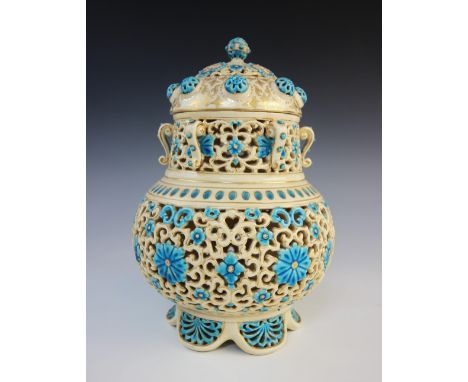 A Zsolnay Pecs Hungarian potpourri and cover, the reticulated moorish style body decorated with blue floral spray with gilt h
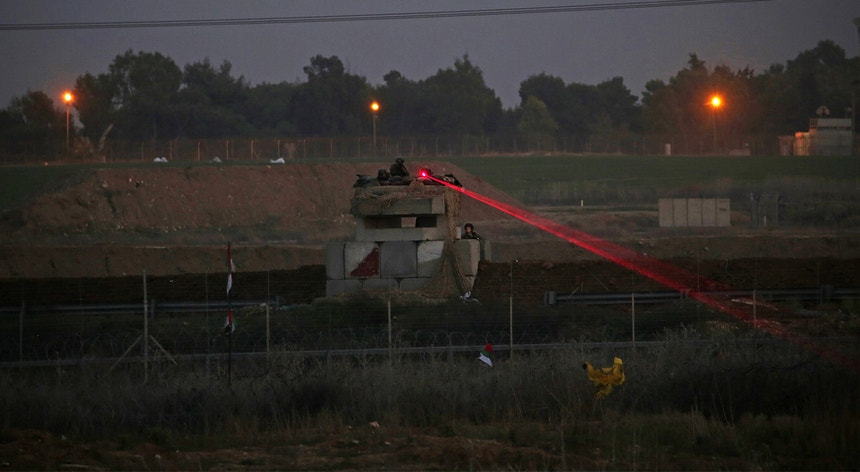 Soldados israelitas aponta uma mira de laser a manifestantes palestinianos na linha de fronteira a leste de Gaza
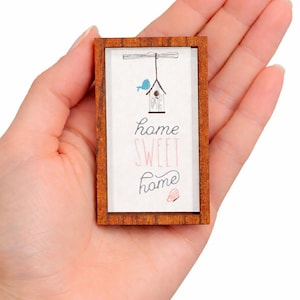 以下が含まれることがあります： 茶色のフレームが付いた、小さな長方形の木製サイン。サインには、鳥小屋と青い鳥のイラスト、そして手書き風の「home SWEET home」という言葉が描かれています。ピンク色の蝶も描かれています。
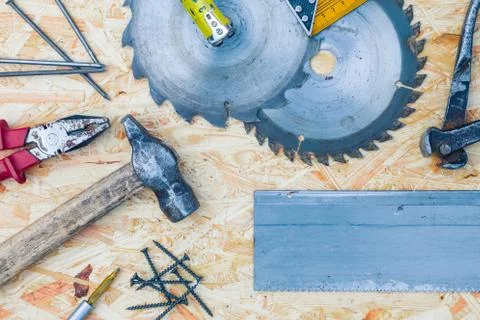 Tools set on osb panel with copy space. Carpenter workplace on wooden background Foto stock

• Instructions for the task
Could you write out the whole listing exactly, skipping every picture?

• Response box
 A Zsolnay Pecs Hungarian potpourri and cover, the reticulated moorish style body decorated with blue floral spray with gilt h
 Soldados israelitas aponta uma mira de laser a manifestantes palestinianos na linha de fronteira a leste de Gaza
 以下が含まれることがあります： 茶色のフレームが付いた、小さな長方形の木製サイン。サインには、鳥小屋と青い鳥のイラスト、そして手書き風の「home SWEET home」という言葉が描かれています。ピンク色の蝶も描かれています。
 Tools set on osb panel with copy space. Carpenter workplace on wooden background Foto stock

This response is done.